▸ Collection entries

==================================================

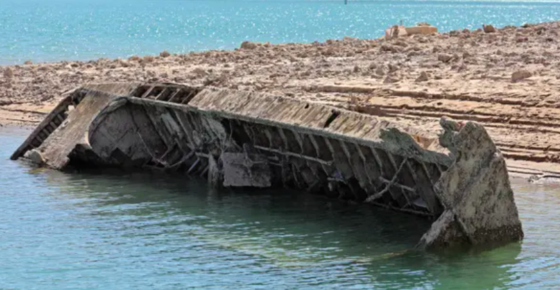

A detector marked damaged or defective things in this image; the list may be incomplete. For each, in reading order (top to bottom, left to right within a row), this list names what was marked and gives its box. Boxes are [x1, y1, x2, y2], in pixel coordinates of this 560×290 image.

wrecked hull [10, 82, 524, 250]
rusted metal hull [10, 82, 524, 250]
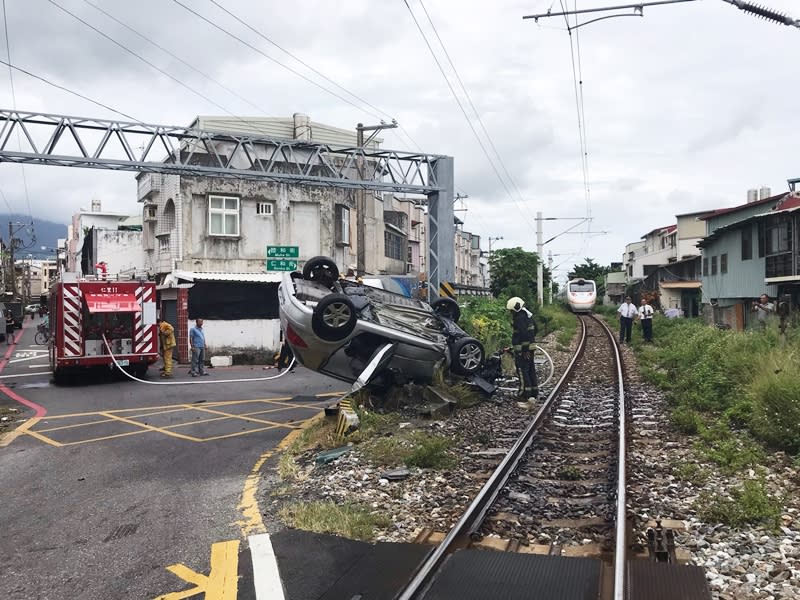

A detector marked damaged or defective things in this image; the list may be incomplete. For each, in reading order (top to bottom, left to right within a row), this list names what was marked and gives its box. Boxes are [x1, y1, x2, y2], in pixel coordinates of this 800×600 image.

overturned silver car [278, 254, 484, 386]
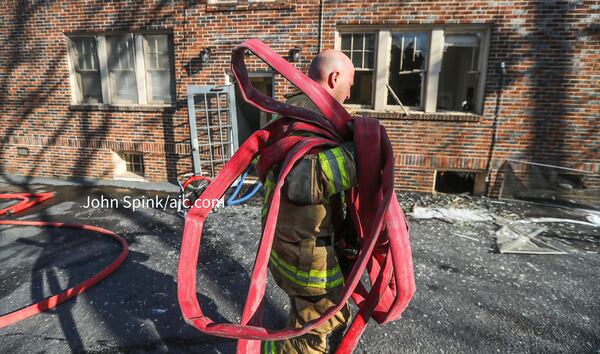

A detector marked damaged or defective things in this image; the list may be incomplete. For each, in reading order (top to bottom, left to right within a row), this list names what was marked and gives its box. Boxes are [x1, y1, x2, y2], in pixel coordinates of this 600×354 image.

broken window [70, 37, 103, 103]
broken window [69, 33, 176, 105]
broken window [342, 32, 376, 106]
broken window [386, 33, 428, 108]
broken window [436, 32, 482, 112]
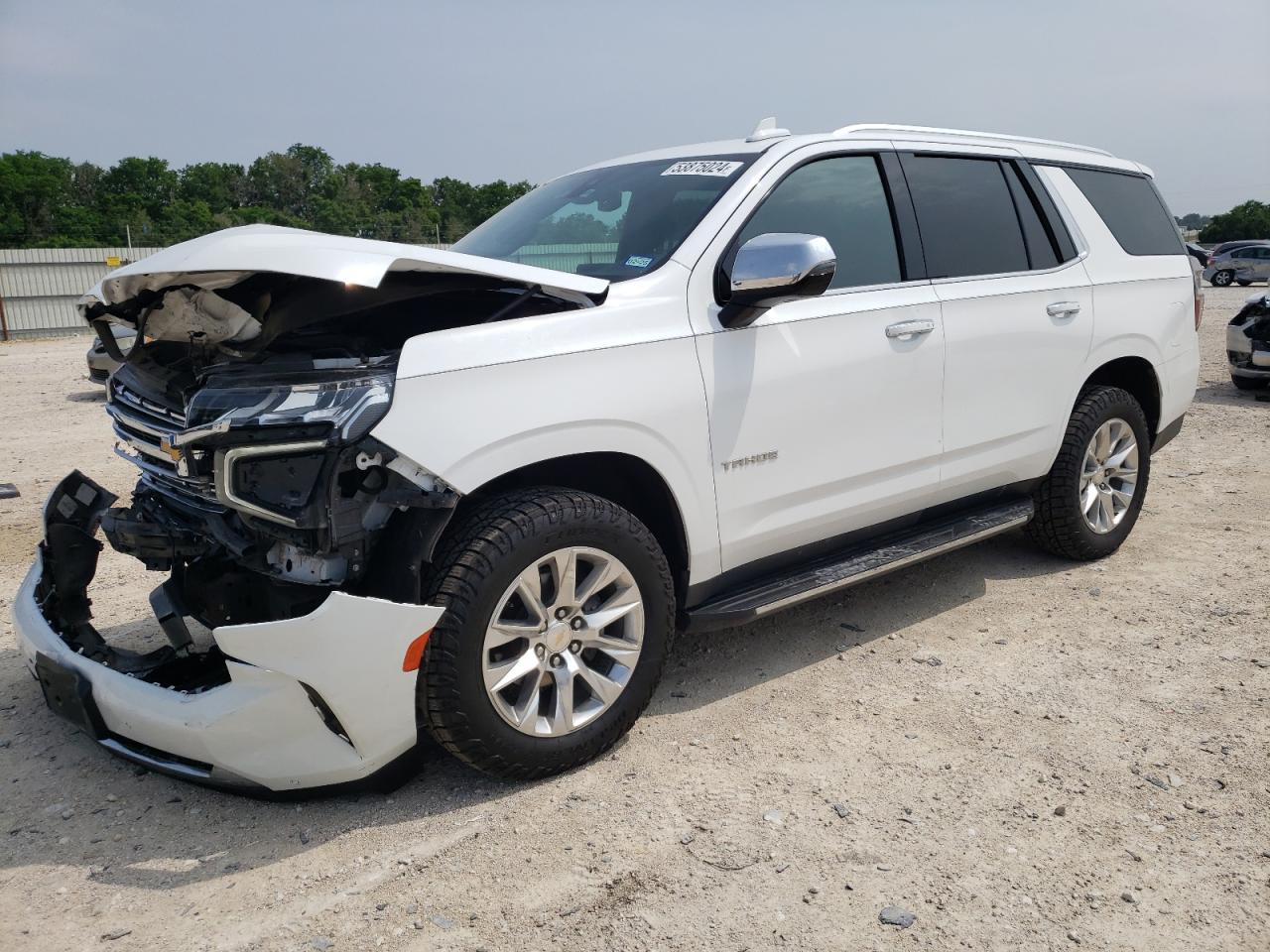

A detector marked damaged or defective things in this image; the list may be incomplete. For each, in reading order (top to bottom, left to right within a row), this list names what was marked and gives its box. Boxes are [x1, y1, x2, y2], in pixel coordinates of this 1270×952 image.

detached front bumper [11, 477, 442, 796]
damaged front end [15, 227, 606, 791]
crumpled hood [77, 223, 609, 340]
damaged white chevrolet tahoe [12, 123, 1199, 791]
damaged front end [1223, 291, 1270, 383]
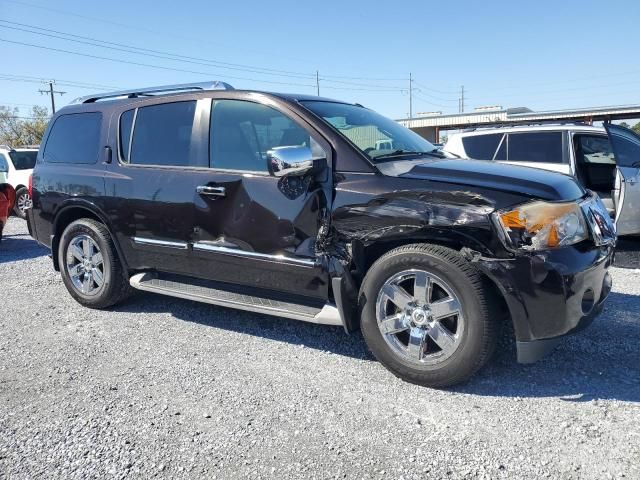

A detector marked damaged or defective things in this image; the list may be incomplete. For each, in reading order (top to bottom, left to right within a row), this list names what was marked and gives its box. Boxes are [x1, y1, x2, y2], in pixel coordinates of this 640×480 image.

crumpled hood [378, 158, 588, 202]
broken headlight [496, 200, 592, 251]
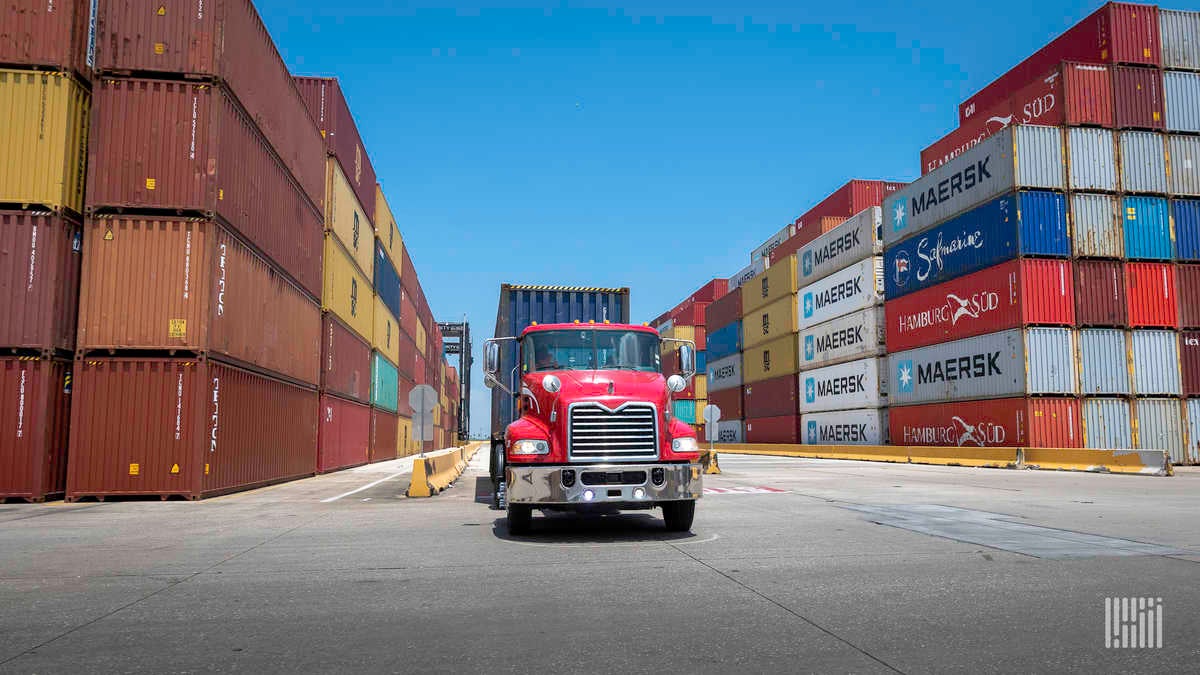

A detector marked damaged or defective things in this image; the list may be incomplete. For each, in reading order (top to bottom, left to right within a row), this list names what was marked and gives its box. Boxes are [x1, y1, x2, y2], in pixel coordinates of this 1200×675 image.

rust-stained container [0, 69, 90, 211]
rust-stained container [85, 76, 324, 294]
rust-stained container [90, 0, 324, 207]
rust-stained container [291, 78, 374, 220]
rust-stained container [1113, 65, 1161, 130]
rust-stained container [0, 357, 70, 499]
rust-stained container [0, 211, 81, 353]
rust-stained container [66, 355, 319, 497]
rust-stained container [79, 214, 324, 384]
rust-stained container [321, 312, 367, 401]
rust-stained container [319, 391, 369, 470]
rust-stained container [367, 403, 400, 461]
rust-stained container [1080, 257, 1123, 326]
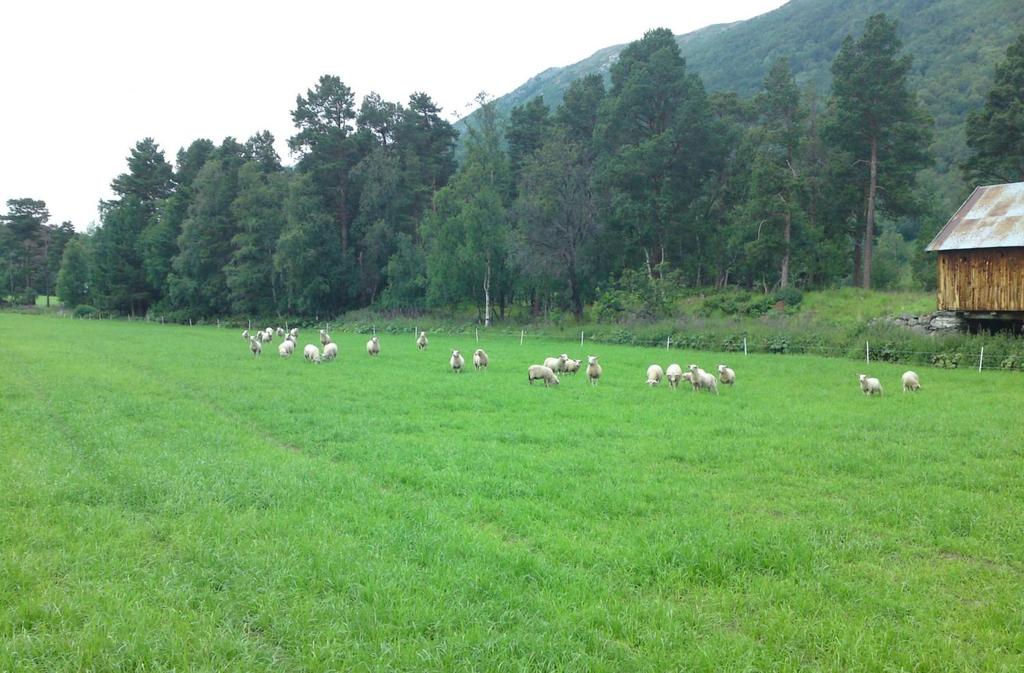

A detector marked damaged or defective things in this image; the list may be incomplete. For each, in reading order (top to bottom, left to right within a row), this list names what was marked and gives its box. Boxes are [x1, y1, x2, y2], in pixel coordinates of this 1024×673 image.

rusty metal roof [933, 183, 1024, 251]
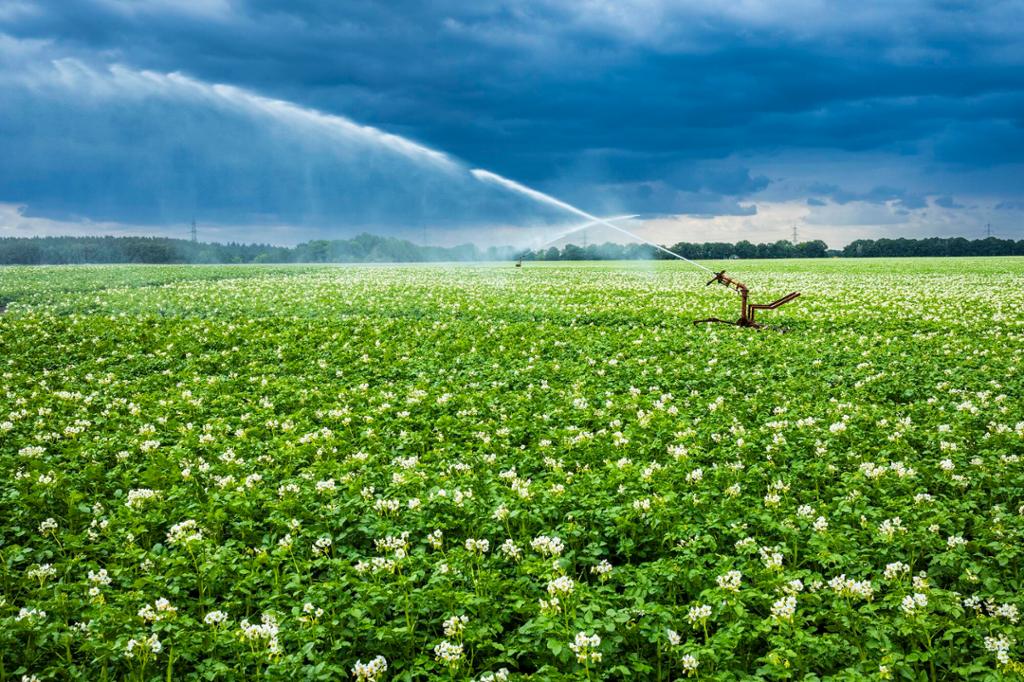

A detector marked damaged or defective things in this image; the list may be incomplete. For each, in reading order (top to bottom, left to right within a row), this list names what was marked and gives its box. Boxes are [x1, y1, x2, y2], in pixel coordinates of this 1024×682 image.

rusty metal sprinkler arm [696, 270, 800, 328]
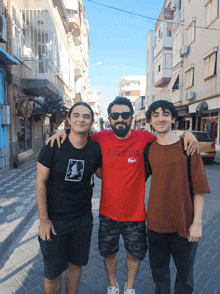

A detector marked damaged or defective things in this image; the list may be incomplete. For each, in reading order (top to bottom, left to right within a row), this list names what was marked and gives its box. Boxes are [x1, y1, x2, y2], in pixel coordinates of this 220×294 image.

rust/brown shirt [145, 139, 211, 238]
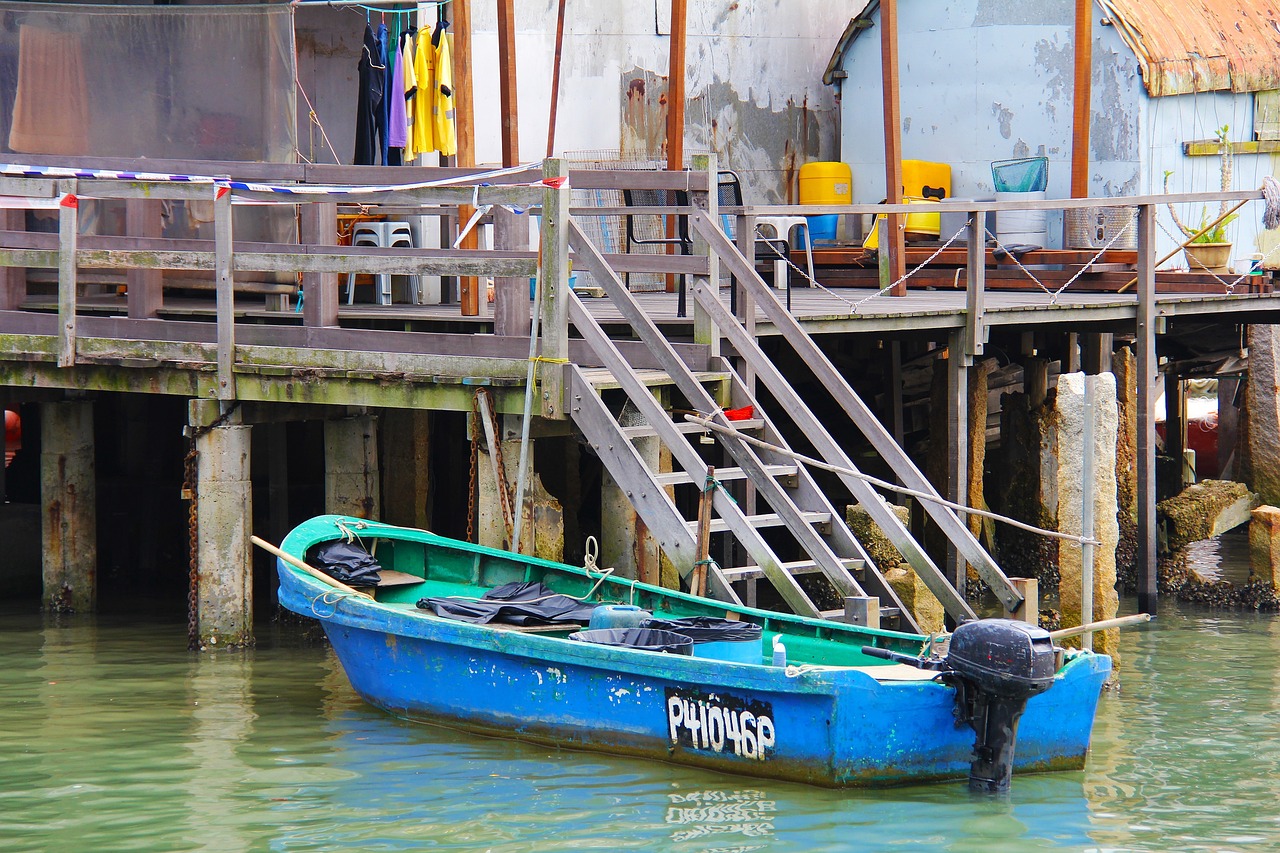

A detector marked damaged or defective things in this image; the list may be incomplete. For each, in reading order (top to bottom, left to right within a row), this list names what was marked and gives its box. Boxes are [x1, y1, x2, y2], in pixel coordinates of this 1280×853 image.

peeling paint wall [298, 2, 855, 199]
peeling paint wall [834, 0, 1264, 261]
rusty chain [183, 402, 241, 648]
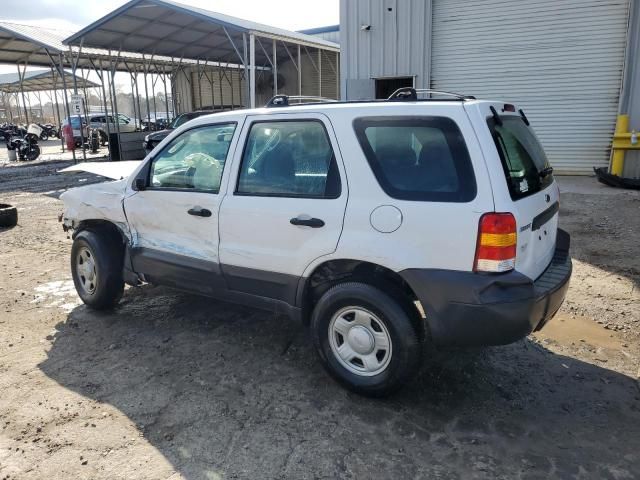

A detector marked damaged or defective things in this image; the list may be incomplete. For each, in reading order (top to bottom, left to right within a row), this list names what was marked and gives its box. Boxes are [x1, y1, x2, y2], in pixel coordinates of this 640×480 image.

damaged white suv [58, 91, 568, 398]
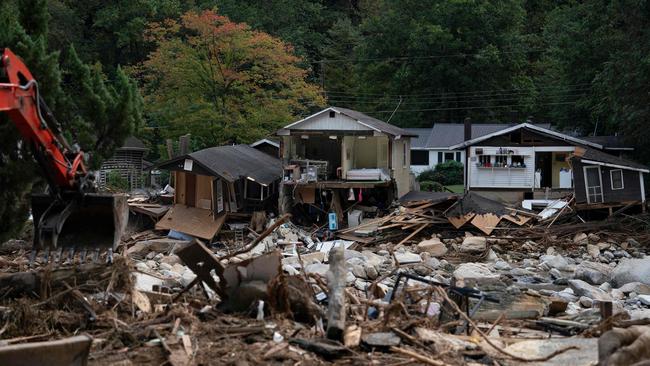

==================================================

▸ Task goal
Make an exact copy of every entry above, but keep the pictures out of it.

▸ Output of the exercise
A detector marked damaged or defective things in this image; the list may be incomplete. For each, in reading order (top to bottom, left to right within a row), this list names what was marked and gives its box. Boxes are [x1, y1, x2, y2], in pixel coordinates of this 560×290 image.

wrecked hull [10, 82, 524, 250]
rusted metal hull [10, 82, 524, 250]

A detector marked damaged or defective things in this image; the list may be incomplete. For each, in reading order (top to bottom, left to right within a row), this list names what was marked and gives its box. Boxes are [x1, y1, x2, y2], in pixel coordinates of this 800×600 image.

overturned silver car [278, 254, 484, 386]

A detector marked damaged or defective things in this image; the list may be incomplete. For each, in reading order (top to bottom, left to right within a row), this list names what was marked and gives its box. Boxes are [x1, y1, x2, y2], in pixel coordinates of this 600×354 image.

broken window [70, 37, 103, 103]
broken window [69, 33, 176, 105]
broken window [342, 32, 376, 106]
broken window [386, 33, 428, 108]
broken window [436, 32, 482, 112]

A detector marked damaged or defective things in this image; the list may be incomplete. For each, in reading order (top to bottom, left to right within a row), this list names what was marked and gives its box. Boxes are [x1, y1, x2, y2], in pixel coordinates of this 1270×952 image.

detached front bumper [11, 477, 442, 796]
damaged front end [15, 227, 606, 791]
crumpled hood [77, 223, 609, 340]
damaged white chevrolet tahoe [12, 123, 1199, 791]
damaged front end [1223, 291, 1270, 383]

A detector marked damaged or defective things in this image; the list may be incomplete. For each, in reading order (top to bottom, left to right within a row), this list names what was marked and gives its box. Boxes are [x1, y1, x2, y2], in pixel coordinates of this 640×480 image.

crumpled hood [378, 158, 588, 202]
broken headlight [496, 200, 592, 251]

A detector marked damaged or defective things in this image; the list may be incomplete. For each, in reading order (top to bottom, left to right within a row), this list names what was marked and gives its box. Boxes are [x1, y1, x2, y2], in pixel coordinates of this 1200×675 image.

rust-stained container [0, 69, 90, 211]
rust-stained container [85, 76, 324, 294]
rust-stained container [90, 0, 324, 207]
rust-stained container [291, 78, 374, 220]
rust-stained container [1113, 65, 1161, 130]
rust-stained container [0, 357, 70, 499]
rust-stained container [0, 211, 81, 353]
rust-stained container [66, 355, 319, 497]
rust-stained container [79, 214, 324, 384]
rust-stained container [321, 312, 367, 401]
rust-stained container [319, 391, 369, 470]
rust-stained container [367, 403, 400, 461]
rust-stained container [1080, 257, 1123, 326]

A detector marked damaged or defective things in this image; the list may be incomplete. For each, in reading order (top to bottom, left to right within a row), this list names what was marked and gives its box. Boxes are [x1, y1, x2, y2], in pixel coordinates of this 1024×673 image.

rusty metal roof [933, 183, 1024, 251]

A detector marked damaged or defective things in this image; the list may be incomplete. For each, in reading order (top to bottom, left to right within a row), this list names what was marked and gives its box. Boxes are [x1, y1, x2, y2], in pixel coordinates of this 1024×682 image.

rusty metal sprinkler arm [696, 270, 800, 328]

A detector marked damaged or defective things in this image; the list may be incomplete. For each, in reading order (top to bottom, left to right within a row), this list names what was marked and gives its box. Boxes are [x1, y1, x2, y2], in pixel coordinates of this 220×294 image.

rust/brown shirt [145, 139, 211, 238]

A detector marked damaged or defective things in this image; the list may be incomplete. For each, in reading order (top to bottom, left to right within a row), this list names what was marked and gives its box. Boxes are [x1, y1, x2, y2], in pixel coordinates of this 1280×853 image.

peeling paint wall [298, 2, 855, 199]
peeling paint wall [834, 0, 1264, 261]
rusty chain [183, 402, 241, 648]

A detector marked damaged or defective things in this image; the list may be incomplete. For each, in reading order (top to bottom, left to right within a row), this list names what was marked and gives its box. Boxes are [x1, y1, x2, y2], in pixel coordinates of this 640×480 image.

damaged white suv [58, 91, 568, 398]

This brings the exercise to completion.